Thursday, May 1, 2008

A Delicate Balance

I've been mostly absent this week for various reasons, and I haven't actually seen any of this week's games. I did have a chance to turn on the Mets game on the radio yesterday afternoon, however by then it was already the 3rd inning and the game was completely out of hand.

It took me a few minutes to realize that Nelson Figueroa hadn't actually started the game.

The disturbing trend du jour with the Mets now is the failure of Oliver Perez to build on his success of last season and continue to drive his career forward.

My completely insane co-worker (who insisted I refer to him as such) called following the game screaming that the Mets should deal Oliver Perez and Omar Minaya to Pittsburgh for Xavier Nady. He then wondered if it was possible to make an awful team even worse. He figured that Minaya ought to be able to screw up the Pirates even moreso than they already are.

Other people laugh these bad outings off and say that Ollie is bound to throw up a stinker every so often.

This is now 4 in a row, and 3 out of 4 where he's just lost it completely without any real warning.
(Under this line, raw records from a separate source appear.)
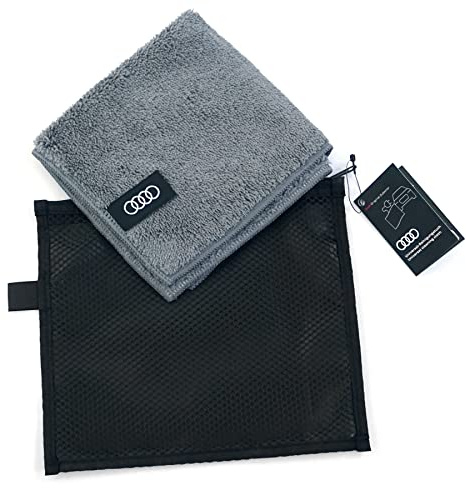 Audi 4K4096325 Reinigungstuch Reinigung Mikrofaser Pflege Tuch, mit Ringe Logo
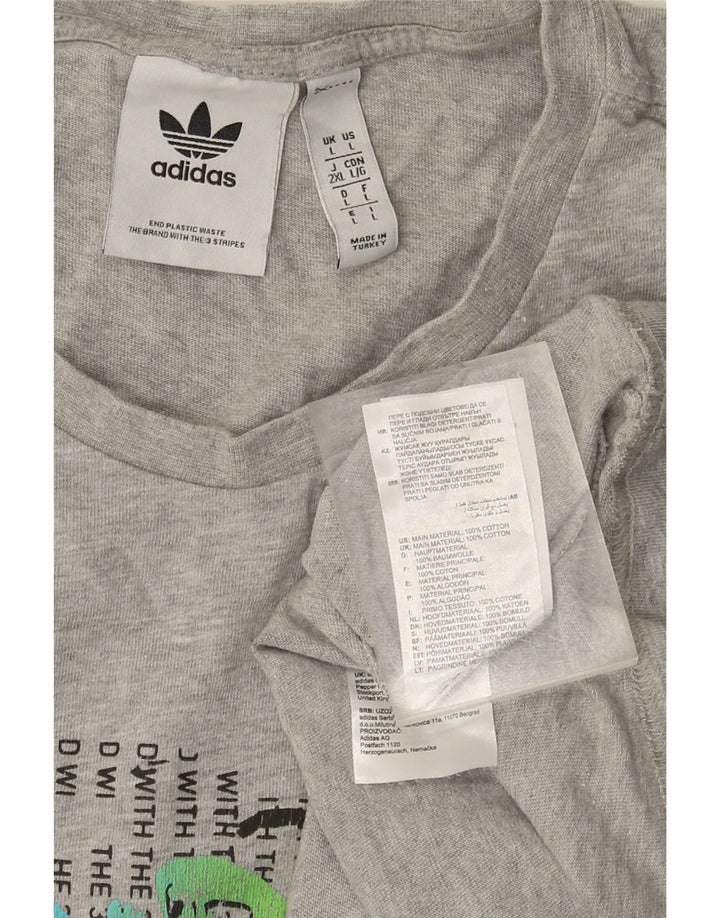 Adidas Mens Graphic T-Shirt Top Large Grey Cotton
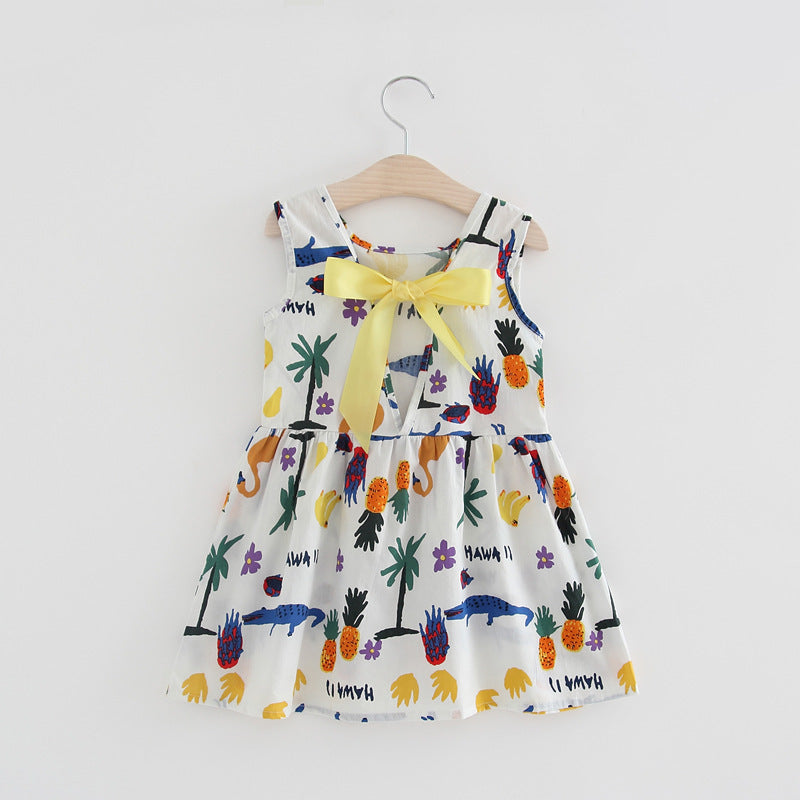 Robe gilet sans manches en coton à motif animalier pour filles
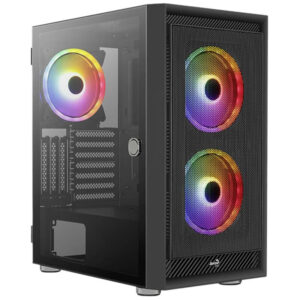 Carcasa Gaming Aerocool Graphite V2 neagra, MiddleTower, USB 3.0, Panou transparent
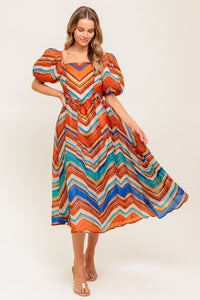 BRIGHT PERSONALITY WOVEN MIDI DRESS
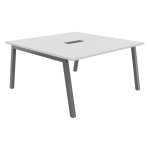 Table de runion burocolor a avec trappe d'accs - l. 140 x p. 143 cm - plateau blanc - pieds aluminium ...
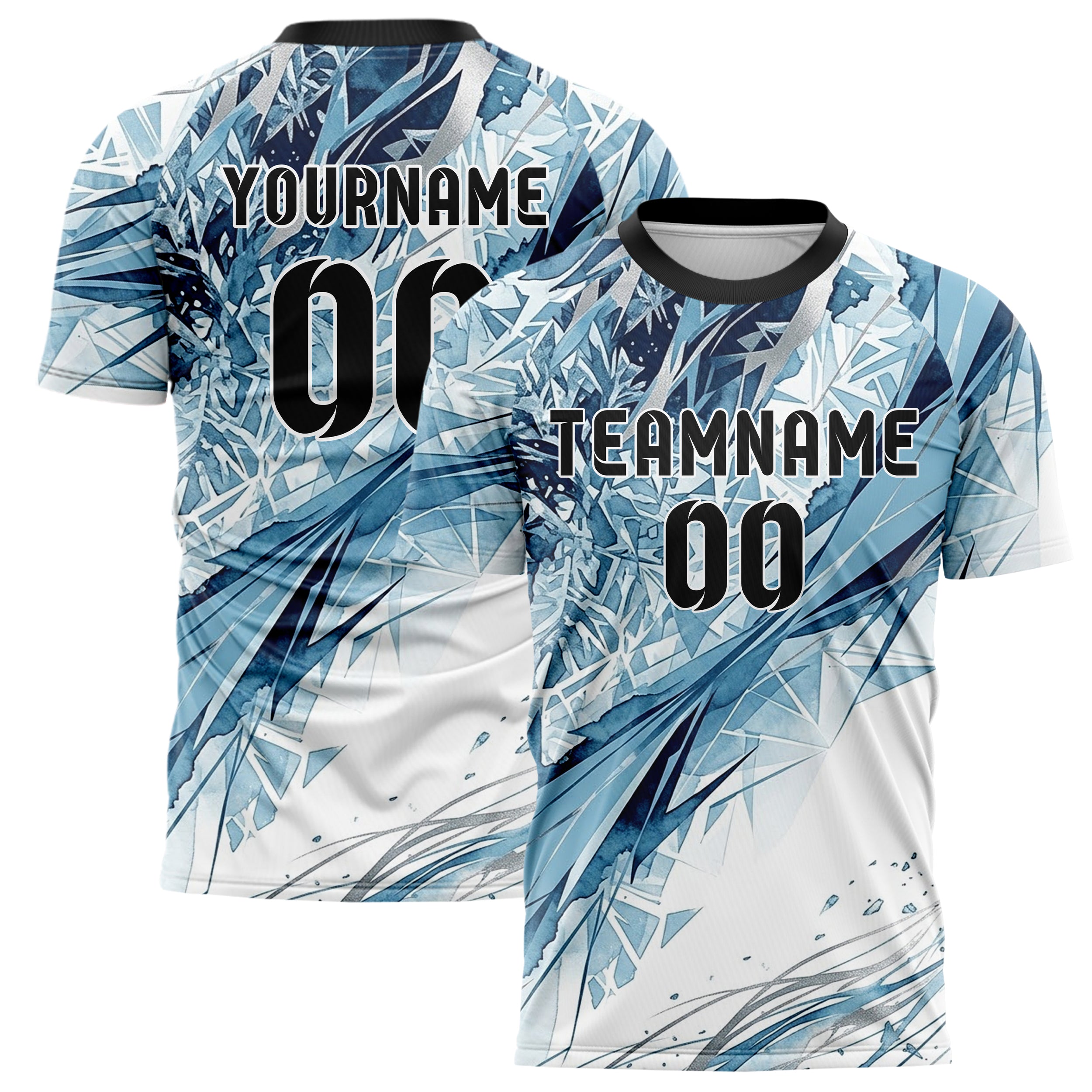 Weiß Gletscherblau Marineblau Silber Schneesturm Sichtbarkeit Übergang individuelles Fußballtrikot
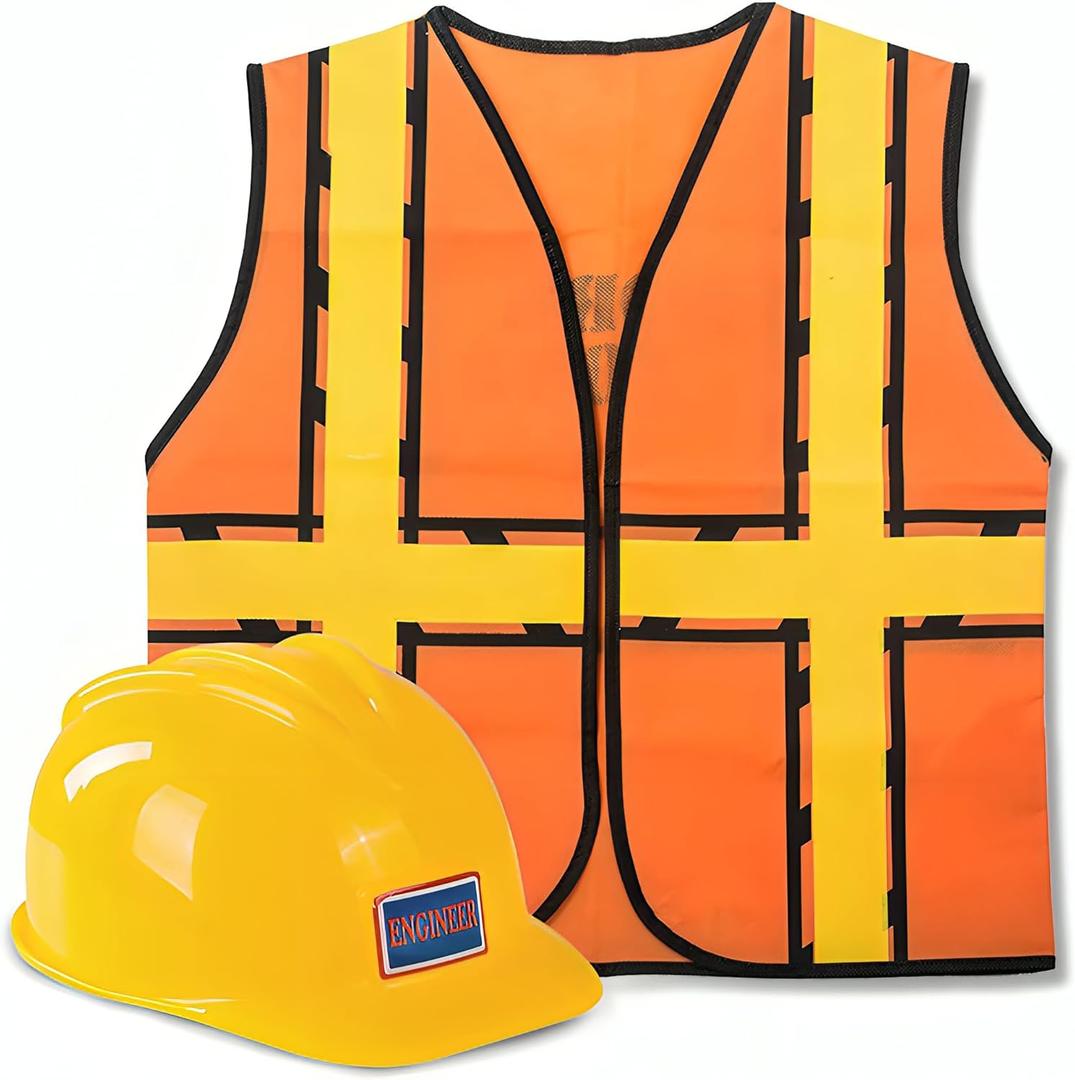 Tigerdoe Construction Worker Costume Kids - Construction Hat and Costume Vest - Construction Dress Up Accessories for Children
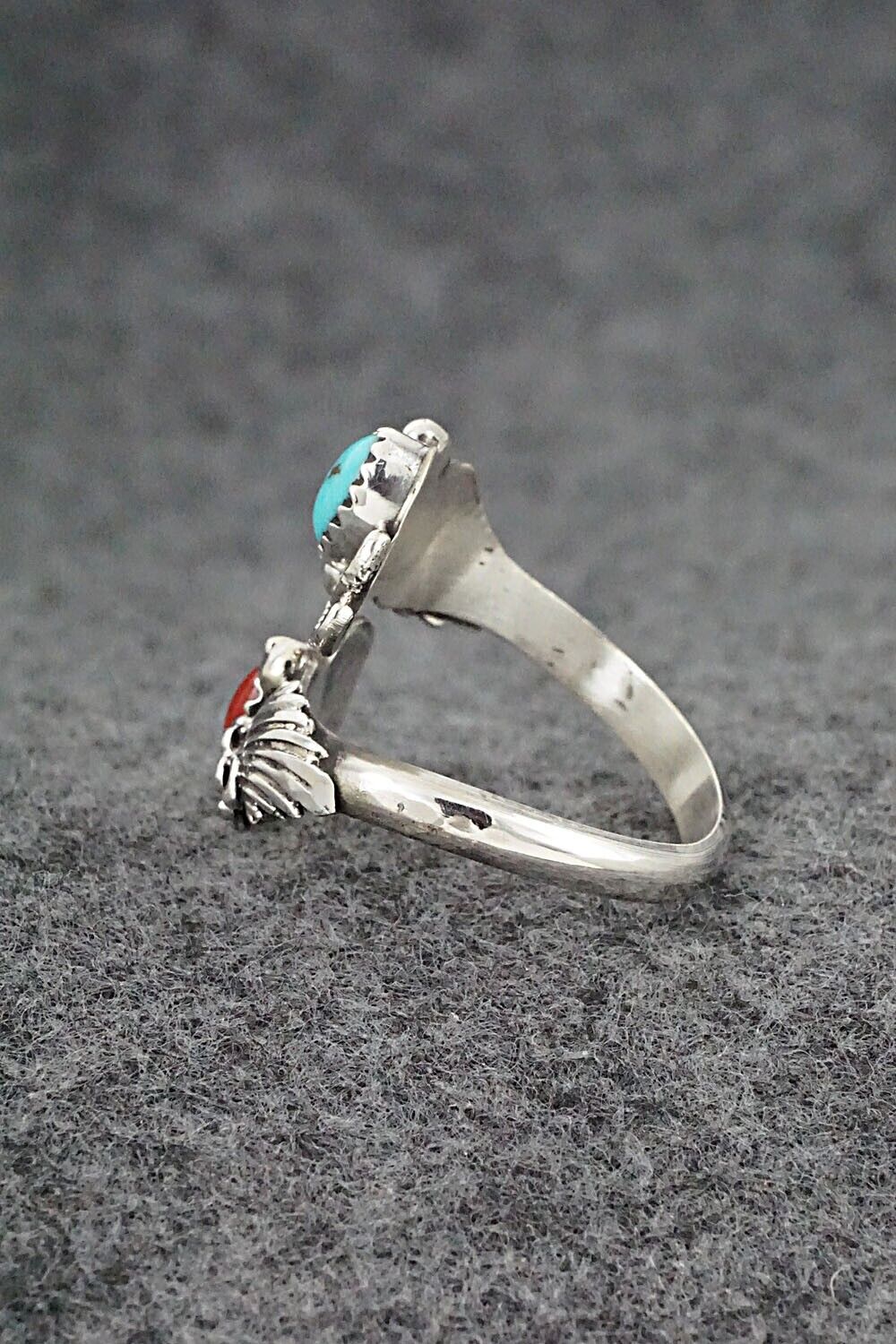 Turquoise, Coral & Sterling Silver Ring - Etta Belin - Size 9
The truth lies somewhere in between. Perez at least seems somewhat cognisant of his responsibility to the club, and at least he's figured out that outings like yesterday, and the one against Milwaukee, and the one in Washington really aren't acceptable anymore. He already had his one shot at a major breakout in 2005, and he did a pretty good job of unraveling to the point where he was in the Minor leagues in 2006. Wagner called him out after yesterday's game, and from what I'm able to glean from this article, Perez did accept it. We know he's inconsistent, but it's beginning to get to the point where it's more than just hoping he's got the right arm slot tonight. We're starting to get to the point where it may be time to admit that Perez is just not that good, and that those two good seasons he's had were more flukish instances of him being able to put a solid string of starts together rather than the true talent bubbling to the surface. Pitchers like Steve Trachsel and Willie Blair managed to parlay seasons like this into millions of dollars.

It's not as though Perez is working with an ERA over 6. His numbers aren't totally horrible. But last year, there were points where he was absolutely the guy you wanted on the mound in a big game. He's not inspiring that confidence in anyone this season.